Last updated:
ID:
211447
Start date:
11 November 2024
Project status:
Current
Principal investigator:
Dr Zilin Li
Lead institution:
Northeast Normal University, China

Our goal is to develop a collection of powerful, scalable and resource-efficient statistical methods for analyzing sequencing data on a biobank scale, focusing on functionally informed approaches. We plan to integrate the proposed method into an all-in-one analysis pipeline and make this software accessible through the UK Biobank RAP. These tools will be designed to pinpoint genetic factors influencing health and disease, elucidate the biological mechanisms driving different outcomes, and predict disease risk based on genetic and environmental factors.

Many prevalent human diseases, such as cancers and cardiovascular diseases, have a complex genetic basis with multiple risk factors, yet many genetic variants influencing these diseases remain unidentified. Large-scale whole genome sequencing studies present a unique opportunity to investigate the impact of common and rare variants on human diseases or traits, especially for the noncoding genome. Our project’s primary goal is to discover these unknown genetic variants associated with various human traits, aiming to enhance our understanding and treatment of numerous diseases. Utilizing the vast data from sources like the UK Biobank, we have been developing a variety of powerful and scalable statistical association tests through functionally informed analysis by integrating the information of genetics data and functional annotations provided by genomics data. We plan to use these methods to identify new risk variants across a range of common diseases, especially for rare variants and the noncoding genome.

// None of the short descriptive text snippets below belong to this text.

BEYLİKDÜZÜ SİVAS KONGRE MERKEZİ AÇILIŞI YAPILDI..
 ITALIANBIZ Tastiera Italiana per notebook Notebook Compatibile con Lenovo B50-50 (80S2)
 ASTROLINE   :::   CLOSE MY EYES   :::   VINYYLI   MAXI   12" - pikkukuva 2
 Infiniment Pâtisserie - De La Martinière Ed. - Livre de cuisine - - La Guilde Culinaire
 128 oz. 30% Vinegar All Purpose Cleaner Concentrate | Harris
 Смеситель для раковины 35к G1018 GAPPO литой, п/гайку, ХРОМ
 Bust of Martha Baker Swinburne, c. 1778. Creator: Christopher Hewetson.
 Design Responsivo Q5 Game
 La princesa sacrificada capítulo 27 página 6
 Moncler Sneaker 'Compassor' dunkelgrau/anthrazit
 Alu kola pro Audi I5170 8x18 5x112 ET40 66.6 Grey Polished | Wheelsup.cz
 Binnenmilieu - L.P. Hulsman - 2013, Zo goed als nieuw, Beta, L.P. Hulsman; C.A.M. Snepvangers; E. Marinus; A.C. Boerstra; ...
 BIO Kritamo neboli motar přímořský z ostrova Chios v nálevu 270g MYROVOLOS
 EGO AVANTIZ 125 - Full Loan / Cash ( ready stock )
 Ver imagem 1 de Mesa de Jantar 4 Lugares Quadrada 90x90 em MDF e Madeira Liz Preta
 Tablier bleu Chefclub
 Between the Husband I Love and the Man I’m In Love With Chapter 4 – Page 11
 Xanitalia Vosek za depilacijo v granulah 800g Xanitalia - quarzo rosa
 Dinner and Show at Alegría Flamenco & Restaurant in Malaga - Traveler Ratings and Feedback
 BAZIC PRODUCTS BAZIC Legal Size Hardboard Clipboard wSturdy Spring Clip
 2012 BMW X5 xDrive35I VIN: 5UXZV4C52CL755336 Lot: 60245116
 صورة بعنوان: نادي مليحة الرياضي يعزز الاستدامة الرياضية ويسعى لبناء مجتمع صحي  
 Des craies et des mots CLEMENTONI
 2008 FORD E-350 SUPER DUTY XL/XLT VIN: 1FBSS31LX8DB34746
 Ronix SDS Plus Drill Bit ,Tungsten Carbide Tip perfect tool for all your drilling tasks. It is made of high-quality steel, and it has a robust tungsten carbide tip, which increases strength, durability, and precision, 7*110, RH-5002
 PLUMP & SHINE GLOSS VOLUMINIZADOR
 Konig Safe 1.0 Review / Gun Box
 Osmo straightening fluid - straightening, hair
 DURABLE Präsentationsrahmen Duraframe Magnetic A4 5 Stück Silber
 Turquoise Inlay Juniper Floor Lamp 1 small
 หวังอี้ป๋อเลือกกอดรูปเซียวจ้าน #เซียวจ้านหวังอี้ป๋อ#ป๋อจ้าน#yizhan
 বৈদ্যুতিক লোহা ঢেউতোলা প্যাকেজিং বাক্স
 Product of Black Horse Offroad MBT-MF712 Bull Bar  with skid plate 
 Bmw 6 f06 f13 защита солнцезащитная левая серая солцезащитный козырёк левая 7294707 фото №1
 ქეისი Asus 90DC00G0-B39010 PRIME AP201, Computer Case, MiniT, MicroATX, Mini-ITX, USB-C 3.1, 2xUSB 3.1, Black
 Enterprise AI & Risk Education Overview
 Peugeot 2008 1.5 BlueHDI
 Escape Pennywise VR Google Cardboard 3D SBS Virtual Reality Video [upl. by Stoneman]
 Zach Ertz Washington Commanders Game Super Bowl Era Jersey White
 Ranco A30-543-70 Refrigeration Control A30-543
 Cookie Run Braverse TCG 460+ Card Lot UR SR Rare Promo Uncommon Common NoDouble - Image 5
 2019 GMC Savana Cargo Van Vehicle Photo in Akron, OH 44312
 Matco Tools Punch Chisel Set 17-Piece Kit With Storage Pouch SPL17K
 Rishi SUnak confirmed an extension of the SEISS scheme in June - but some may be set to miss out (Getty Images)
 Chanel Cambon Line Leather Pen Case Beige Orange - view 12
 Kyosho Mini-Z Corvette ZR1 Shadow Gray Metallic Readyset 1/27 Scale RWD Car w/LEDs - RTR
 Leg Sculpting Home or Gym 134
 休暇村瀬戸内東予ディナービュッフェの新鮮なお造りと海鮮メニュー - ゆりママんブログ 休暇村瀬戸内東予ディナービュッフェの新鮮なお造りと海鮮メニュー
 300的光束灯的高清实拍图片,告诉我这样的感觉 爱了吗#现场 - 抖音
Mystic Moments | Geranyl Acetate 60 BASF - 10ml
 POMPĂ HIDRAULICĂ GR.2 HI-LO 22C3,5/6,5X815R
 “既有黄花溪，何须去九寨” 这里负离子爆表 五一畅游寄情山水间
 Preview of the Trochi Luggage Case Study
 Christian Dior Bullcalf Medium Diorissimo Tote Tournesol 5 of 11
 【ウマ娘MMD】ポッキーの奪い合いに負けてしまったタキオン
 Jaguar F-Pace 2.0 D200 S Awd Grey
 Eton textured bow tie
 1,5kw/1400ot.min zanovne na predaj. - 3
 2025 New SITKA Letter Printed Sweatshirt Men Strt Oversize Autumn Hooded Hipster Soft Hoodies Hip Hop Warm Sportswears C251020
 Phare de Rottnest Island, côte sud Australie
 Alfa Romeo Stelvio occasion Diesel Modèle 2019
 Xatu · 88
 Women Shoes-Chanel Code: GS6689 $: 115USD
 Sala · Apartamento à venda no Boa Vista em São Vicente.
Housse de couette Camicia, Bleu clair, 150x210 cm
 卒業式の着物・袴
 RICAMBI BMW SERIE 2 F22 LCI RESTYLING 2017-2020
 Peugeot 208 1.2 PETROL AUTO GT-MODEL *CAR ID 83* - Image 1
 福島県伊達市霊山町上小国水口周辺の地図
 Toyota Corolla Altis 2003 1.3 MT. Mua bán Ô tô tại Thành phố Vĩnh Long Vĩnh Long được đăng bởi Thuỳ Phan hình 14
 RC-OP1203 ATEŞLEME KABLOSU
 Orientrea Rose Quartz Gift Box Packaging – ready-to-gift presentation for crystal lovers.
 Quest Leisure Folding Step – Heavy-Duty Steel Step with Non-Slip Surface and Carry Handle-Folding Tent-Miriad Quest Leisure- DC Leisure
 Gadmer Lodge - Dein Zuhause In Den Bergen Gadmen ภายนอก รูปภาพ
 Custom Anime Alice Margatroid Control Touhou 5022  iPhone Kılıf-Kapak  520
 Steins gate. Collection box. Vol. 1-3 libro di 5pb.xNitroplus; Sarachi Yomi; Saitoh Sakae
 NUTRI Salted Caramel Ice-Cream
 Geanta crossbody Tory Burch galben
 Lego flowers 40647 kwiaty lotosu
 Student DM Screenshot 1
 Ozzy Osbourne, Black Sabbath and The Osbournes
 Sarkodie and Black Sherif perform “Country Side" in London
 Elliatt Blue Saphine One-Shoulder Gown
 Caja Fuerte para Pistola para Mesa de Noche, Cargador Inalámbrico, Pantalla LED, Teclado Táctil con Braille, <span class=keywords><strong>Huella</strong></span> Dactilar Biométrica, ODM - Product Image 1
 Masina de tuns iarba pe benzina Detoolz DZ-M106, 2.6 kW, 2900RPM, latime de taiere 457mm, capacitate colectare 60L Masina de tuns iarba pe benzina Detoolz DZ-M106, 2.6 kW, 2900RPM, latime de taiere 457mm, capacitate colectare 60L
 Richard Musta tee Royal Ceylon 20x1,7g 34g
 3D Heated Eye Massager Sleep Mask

Our second goal is to perform gene-environment interaction analyses to understand how these genetic factors interact with environmental exposures in contributing to disease. By integrating genetic (provided by sequencing data) and genomic information (provided by functional annotations) with detailed environmental information supplied by the UK Biobank, we will uncover how these interactions impact disease manifestation and progression, potentially leading to more personalized prevention and treatment strategies. We will initially focus on cardiovascular disease.

The third goal of our work is to develop novel risk prediction models for a variety of outcomes by combining genetic data, genomic data, and environmental information. These models aim to identify individuals at high risk, enabling them to start treatment or prevention programs earlier, potentially improving health outcomes and quality of life.

Our project aims to enhance our understanding of genetic etiology of complex diseases. This knowledge will assist health professionals in advancing treatment and prevention strategies for various diseases. We expect the scope of the work we have outlined to take around three years.